Directions for this task
Span requested from the data below: the line with "Weitläufiger Bauernhof mit" through the line with "A whimsical theme", both included. Give only these lines again, exactly, and leave every picture out.

Exercise data
------------------------

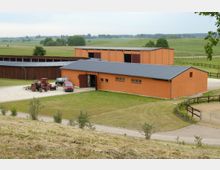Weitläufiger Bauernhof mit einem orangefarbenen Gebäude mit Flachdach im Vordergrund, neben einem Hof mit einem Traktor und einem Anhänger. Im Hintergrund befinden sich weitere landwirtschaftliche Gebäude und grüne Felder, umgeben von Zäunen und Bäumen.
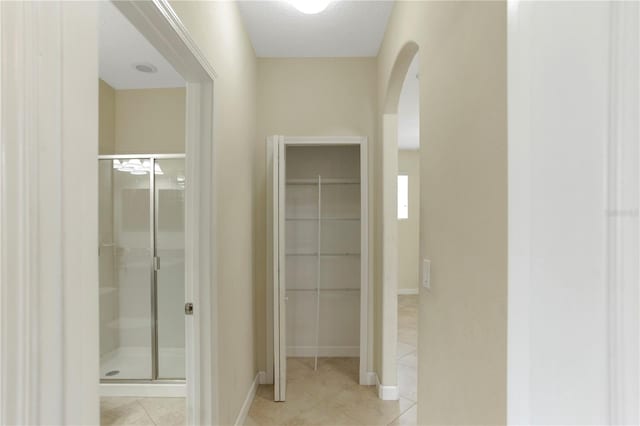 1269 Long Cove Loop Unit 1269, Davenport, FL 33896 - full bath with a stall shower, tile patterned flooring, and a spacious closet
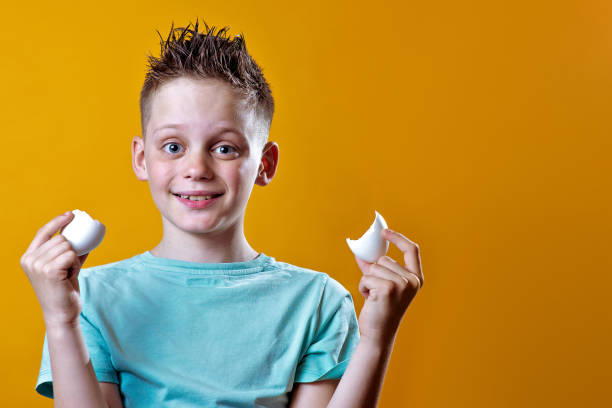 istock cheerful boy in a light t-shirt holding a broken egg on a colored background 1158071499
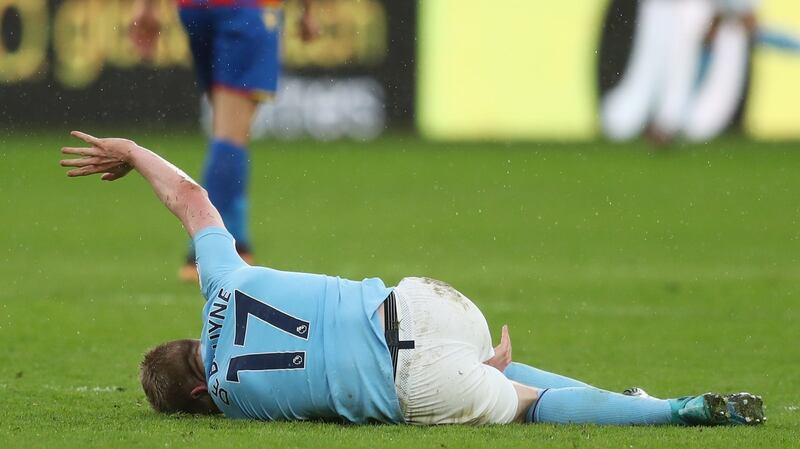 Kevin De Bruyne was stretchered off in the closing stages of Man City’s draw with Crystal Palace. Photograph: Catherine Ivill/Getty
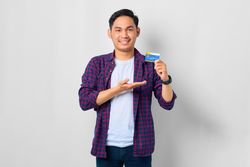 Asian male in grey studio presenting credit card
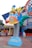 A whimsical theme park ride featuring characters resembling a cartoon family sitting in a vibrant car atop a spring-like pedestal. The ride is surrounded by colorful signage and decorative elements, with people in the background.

------------------------

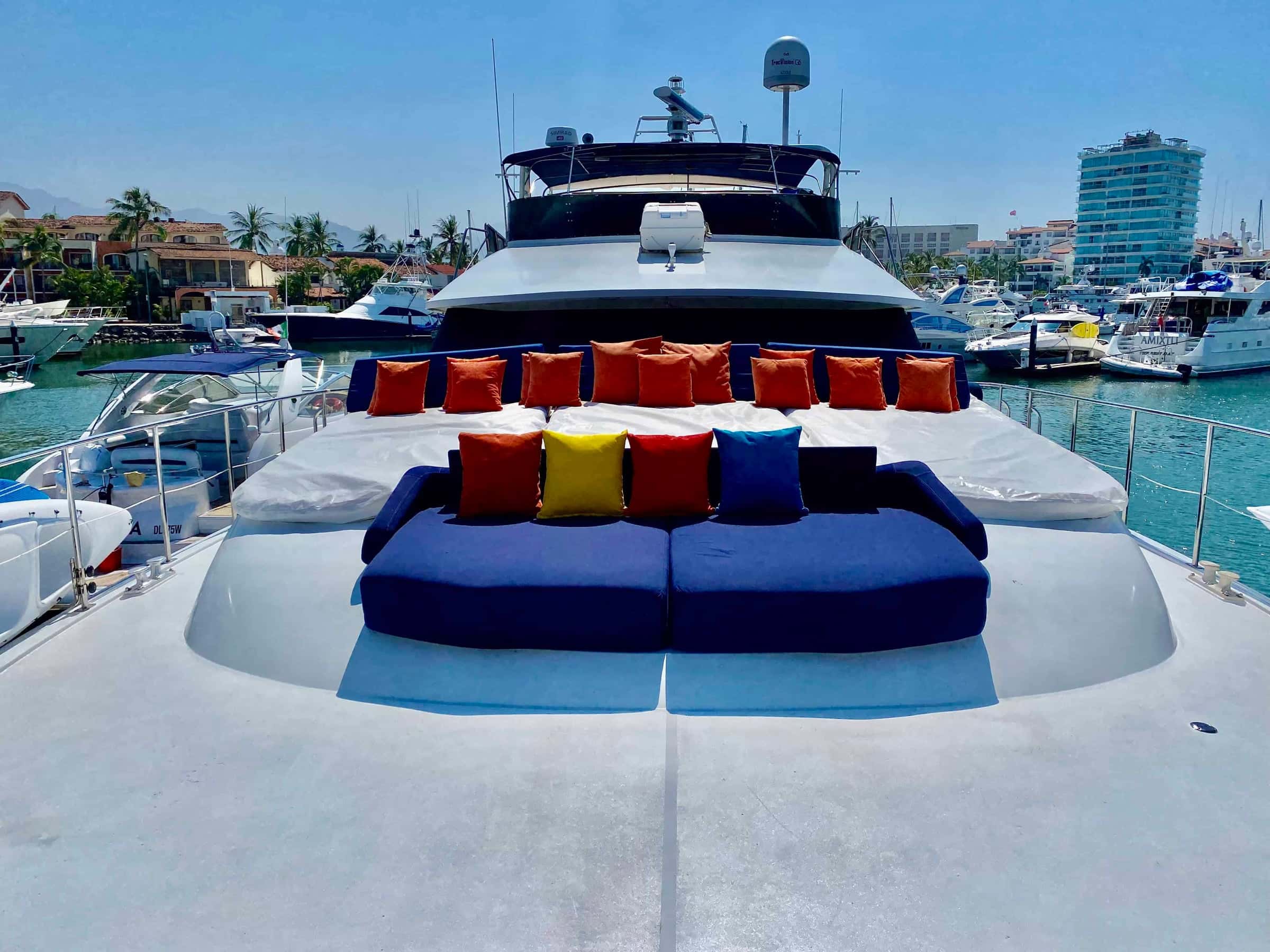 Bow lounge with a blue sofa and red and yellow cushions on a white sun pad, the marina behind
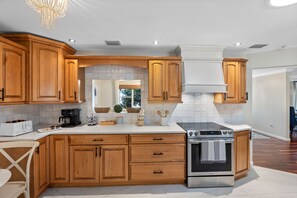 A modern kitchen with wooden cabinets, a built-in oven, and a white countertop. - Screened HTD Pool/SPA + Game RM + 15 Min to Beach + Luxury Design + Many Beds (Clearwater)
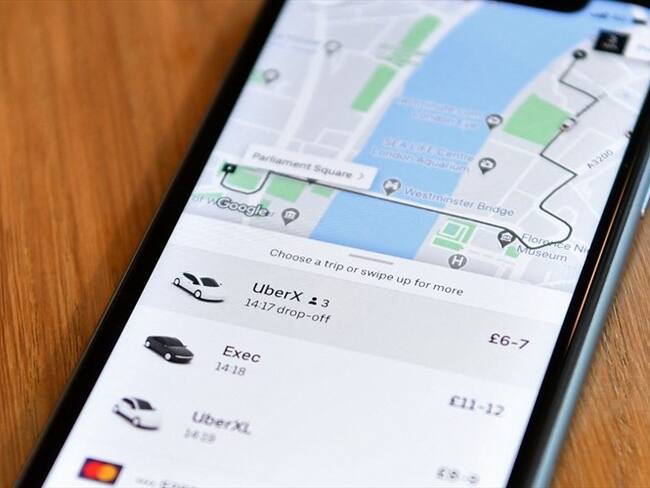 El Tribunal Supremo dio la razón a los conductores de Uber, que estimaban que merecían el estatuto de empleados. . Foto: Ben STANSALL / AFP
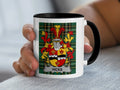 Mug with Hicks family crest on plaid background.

------------------------

Response to the exercise
Weitläufiger Bauernhof mit einem orangefarbenen Gebäude mit Flachdach im Vordergrund, neben einem Hof mit einem Traktor und einem Anhänger. Im Hintergrund befinden sich weitere landwirtschaftliche Gebäude und grüne Felder, umgeben von Zäunen und Bäumen.
 1269 Long Cove Loop Unit 1269, Davenport, FL 33896 - full bath with a stall shower, tile patterned flooring, and a spacious closet
 istock cheerful boy in a light t-shirt holding a broken egg on a colored background 1158071499
 Kevin De Bruyne was stretchered off in the closing stages of Man City’s draw with Crystal Palace. Photograph: Catherine Ivill/Getty
 Asian male in grey studio presenting credit card
 A whimsical theme park ride featuring characters resembling a cartoon family sitting in a vibrant car atop a spring-like pedestal. The ride is surrounded by colorful signage and decorative elements, with people in the background.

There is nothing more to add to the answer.